== Your goal ==
After finding the line with "Ein Taschenrechner, Geld" in the entries below, copy that line and each one after it exactly, through the last line, and omit pictures.
====================
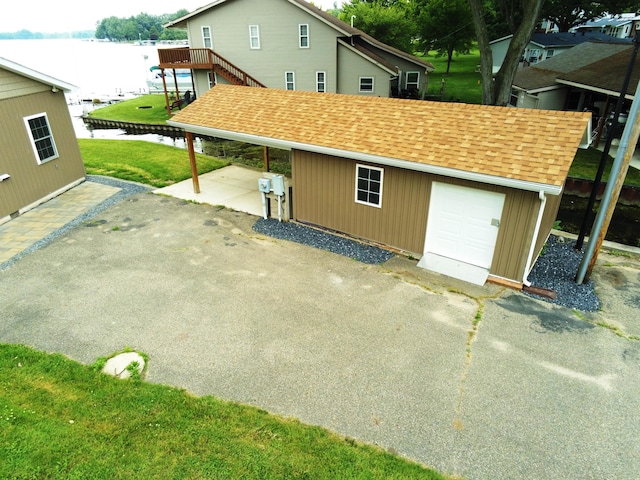 exterior space with a carport and a water view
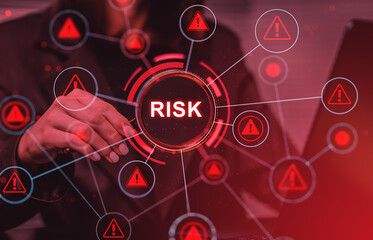 Fototapeta premium Businesswoman analyzing risk concept with digital warning symbols connected in red network on screen in modern creative interface design..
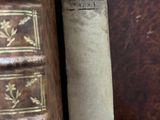 two old books sitting on a table next to each other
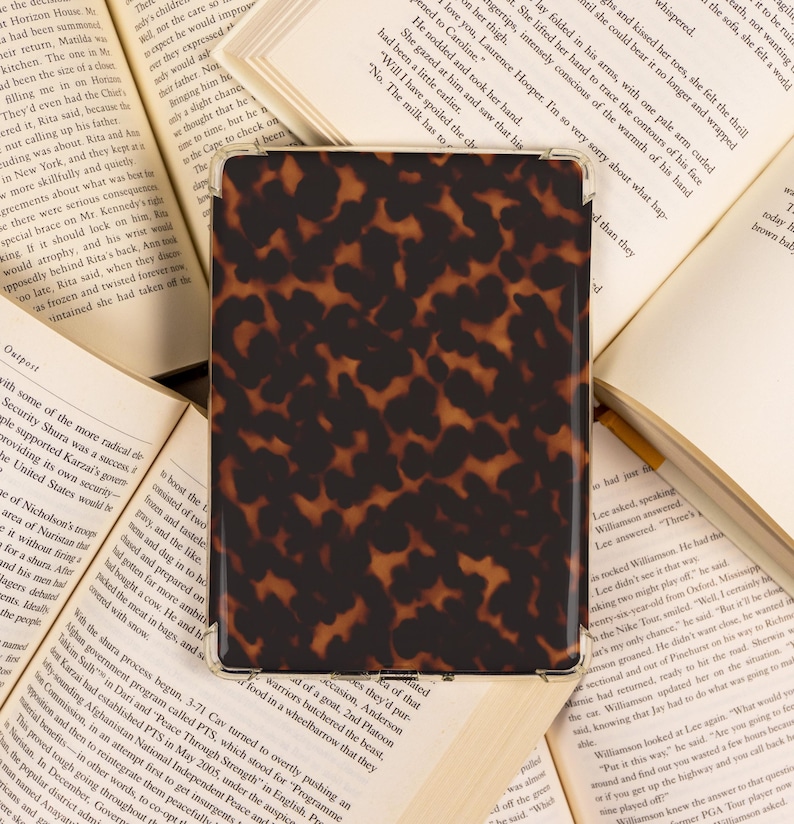May include: A rectangular case with a tortoiseshell pattern, likely for a tablet or e-reader, rests on open books. The case features a glossy finish and a dark brown and tan color scheme, suggesting a classic design.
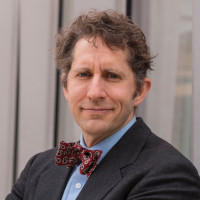 James Evans wearing a suit and tie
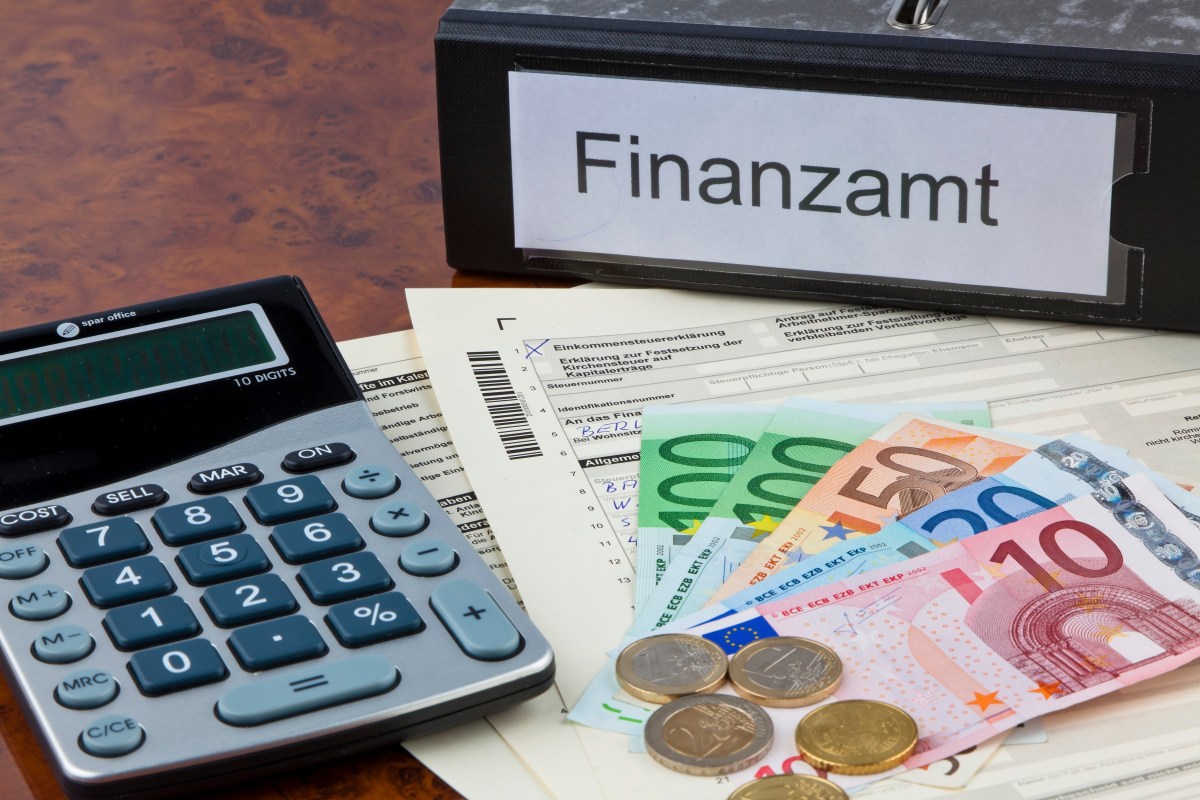 Ein Taschenrechner, Geld und Steuerunterlagen liegen neben einem Ordner mit der Aufschrift "Finanzamt".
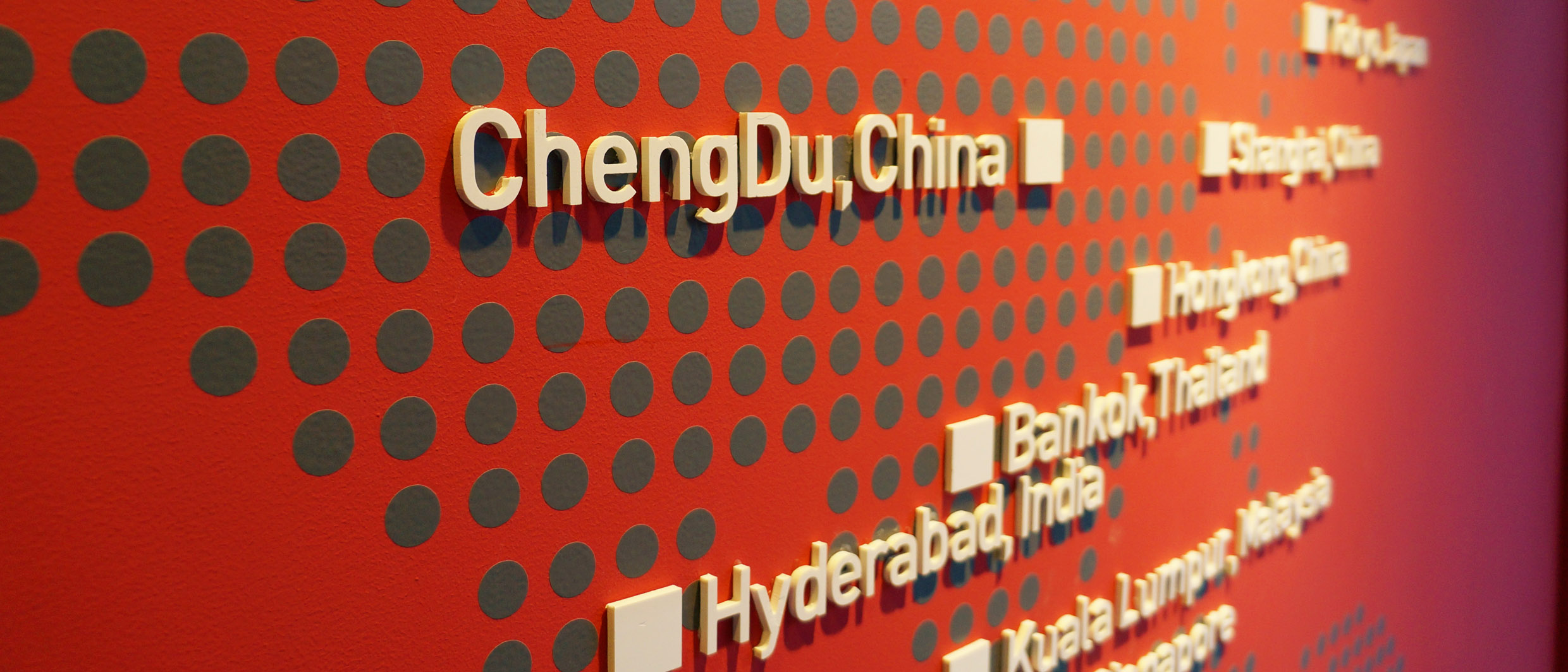 Foto einer Wand in der Dialog im Dunkeln-Ausstellung ChendDu mit einer Weltkarte in Braille-Punkten, auf der alle Dialogstandorte verzeichnet sind.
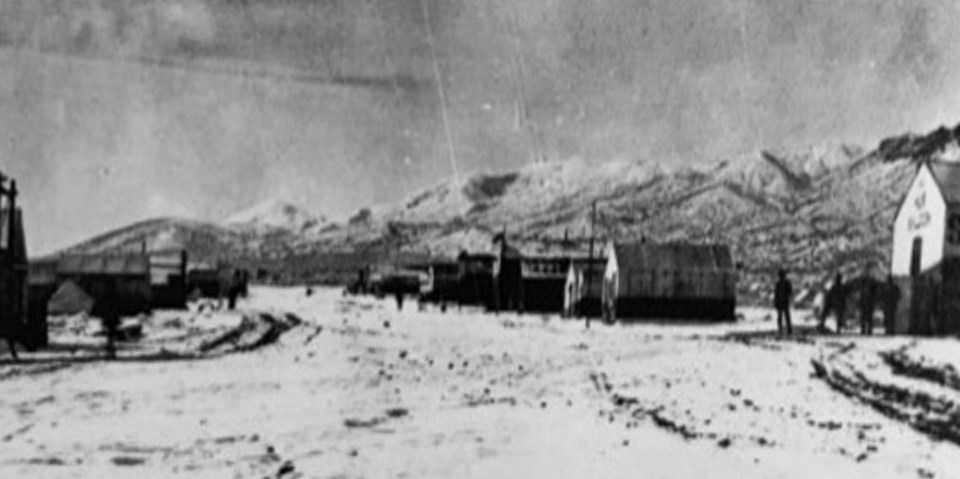 Tents and wooden buildings with snow on the ground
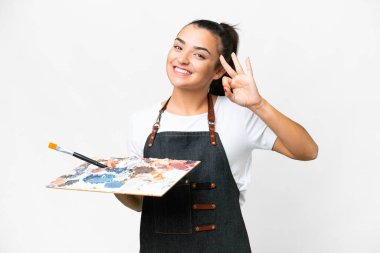 İzole edilmiş beyaz arkaplan üzerinde palet tutan genç sanatçı kadın parmaklarıyla tamam işareti gösteriyor.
====================
== Solution to the exercise ==
 Ein Taschenrechner, Geld und Steuerunterlagen liegen neben einem Ordner mit der Aufschrift "Finanzamt".
 Foto einer Wand in der Dialog im Dunkeln-Ausstellung ChendDu mit einer Weltkarte in Braille-Punkten, auf der alle Dialogstandorte verzeichnet sind.
 Tents and wooden buildings with snow on the ground
 İzole edilmiş beyaz arkaplan üzerinde palet tutan genç sanatçı kadın parmaklarıyla tamam işareti gösteriyor.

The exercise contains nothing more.